PAYAWAL 247 SCRA 424 (1995)
FACTS:
Accused-appellant
stood trial and was convicted by the court a quo for the crime of murder. When arraigned, the accused pleaded "not guilty" to the charge.
On 11 February 1994, accused-appellant filed his notice of appeal. Convinced of Gamaliel's guilt, the trial court
rendered judgment convicting the accused. The latter moved for a new trial. He
argued that his rights were not properly protected by his former counsel. The
motion was denied by the presiding judge.
Accused-appellant was convicted by the
trial court on the strength, it said, of the following circumstantial evidence;
viz:
1. The accused ordered the purchase of
the air fresheners one of which was on top of the steel cabinet and the other
was inside the steel cabinet;
2. The last time when Gerry Centenera
was seen alive was when he was fetched by the accused from the house of his
sister Corazon;
3. The room where the body of Gerry
Centenera was found stuffed inside the steel cabinet is the bedroom of the
accused; and
4. From April 2 to 8, 1992, comprising
the period (approximated to be) when Gerry Centenera was murdered until his
body was found on April 8, the bishop had been holding office everyday from
morning till evening at his office at 1706 Velasquez St., Tondo, Manila. On
said April 8, he stayed in his office for only one and a half hour.
Prosecution witness Rolando Villena,
however, refused to acknowledge the statement attributed to him — the first of
the four circumstances — to the effect that he had been requested by
accused-appellant to get half a kilo of cement and some air fresheners.
Hence, this appeal.
ISSUE:
Whether the trial court erred
in arriving at its conclusion of guilt of the accused for the charge of murder
based upon questionable alleged circumstantial evidence?
RULING:
Yes. The second circumstance
relied on by the trial court, i.e., that Centenera had last been
seen alive with accused-appellant, was a mere hearsay account of PO3 Geronimo
(allegedly related to him by Corazon T. Payawal). Corazon herself, however, was
not called to the witness stand. Parenthetically, in her Sinumpaang Salaysay,
dated 17 August 1993, she belied the statement of PO3 Geronimo.

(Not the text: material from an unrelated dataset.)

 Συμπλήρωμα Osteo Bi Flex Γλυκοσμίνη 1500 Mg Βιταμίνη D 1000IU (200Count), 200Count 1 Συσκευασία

The result is that only the remaining
two circumstances could be of real consequence in ascertaining the guilt of
accused-appellant. The Rules of Court, on circumstantial evidence, provides:
Sec.
4. Circumstantial evidence, when sufficient. — Circumstantial evidence is
sufficient for conviction if:
(a)
The is more than one circumstance;
(b)
The facts from which the inferences are derived are proven; and
(c) The
combination of all the circumstances is such as to produce a conviction beyond
reasonable doubt.
The circumstances to warrant
conviction must constitute an unbroken chain of events that can lead reasonably
to the conclusion so pointing to the accused, to the exclusion of all others,
as the author of the crime. Logically, it is here, where the evidence is purely
circumstantial, that there should be an even greater need than usual to apply
with vigor the rule that the prosecution cannot depend on the weakness of the
defense and that any conviction must rest on nothing less than a moral
certainty of guilt of the accused.
It appears that the prosecution has,
at the main trial, merely adopted the testimonies taken during the hearing of
appellant's petition for bail. It is fair to assume that the evidence to
support such a petition can in no way come close to or approximate that which
is normally given during the trial proper.